Robotics simulation is powerful, but creating robot models is tedious. URDF (Unified Robot Description Format) requires precise XML: links, joints, inertials, collision geometries. A single typo or misplaced origin can break everything. We wondered: what if you could describe a robot in plain English and get a working, simulated URDF?

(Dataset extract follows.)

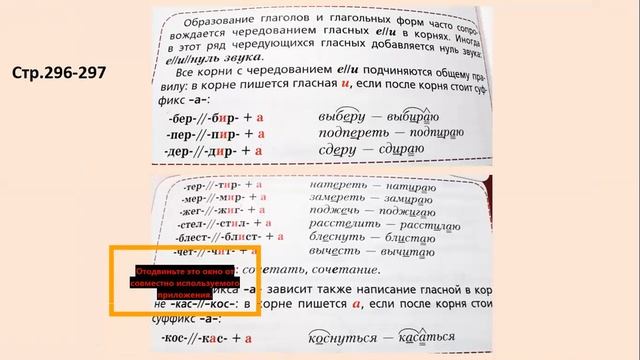 запись урока русского языка 21 мая смотреть онлайн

We were inspired by the gap between natural language (how humans think about robots) and formal representations (how simulators need them). LLMs excel at structured output—why not bridge that gap for robotics?

What it does

The project turns natural language into simulated robot URDFs. You type "A 4-legged dog robot" or "A box with 4 wheels"—and get a valid, physics-tested URDF in seconds.

Core features:

  • Natural language generation — Describe any robot; the LLM produces URDF XML
  • Image-to-URDF — Upload a sketch, diagram, or photo; GPT-4o vision analyzes it and generates a matching URDF
  • RAG-augmented generation — Retrieves relevant URDF snippets from a library (quadrupeds, hexapods, wheeled bases) to improve output quality
  • Validation pipeline — Parse checks (urdfpy), link position checks (no overlapping geometry), effort limits (no floppy robots)
  • Physics simulation — PyBullet runs a 5-second sim; detects explosions, fall-over, self-collisions
  • Error feedback loop — When validation or simulation fails, the error is fed back to the LLM for automatic retry (up to 5 attempts)
  • Iterative refinement — "Make it heavier," "add another wheel," "shorter legs"—modify existing robots with follow-up prompts
  • Multi-terrain stress testing — Flat, uneven, stairs, slope; score robots across all terrains
  • Export — URDF → MJCF (MuJoCo) and SDF (Gazebo) conversion
  • Web UI — 3D preview (Three.js + urdf-loader), history, leaderboard, feedback suggestions

How we built it

Architecture: A three-stage pipeline—Generate → Validate → Simulate—with an orchestrator agent that retries on failure.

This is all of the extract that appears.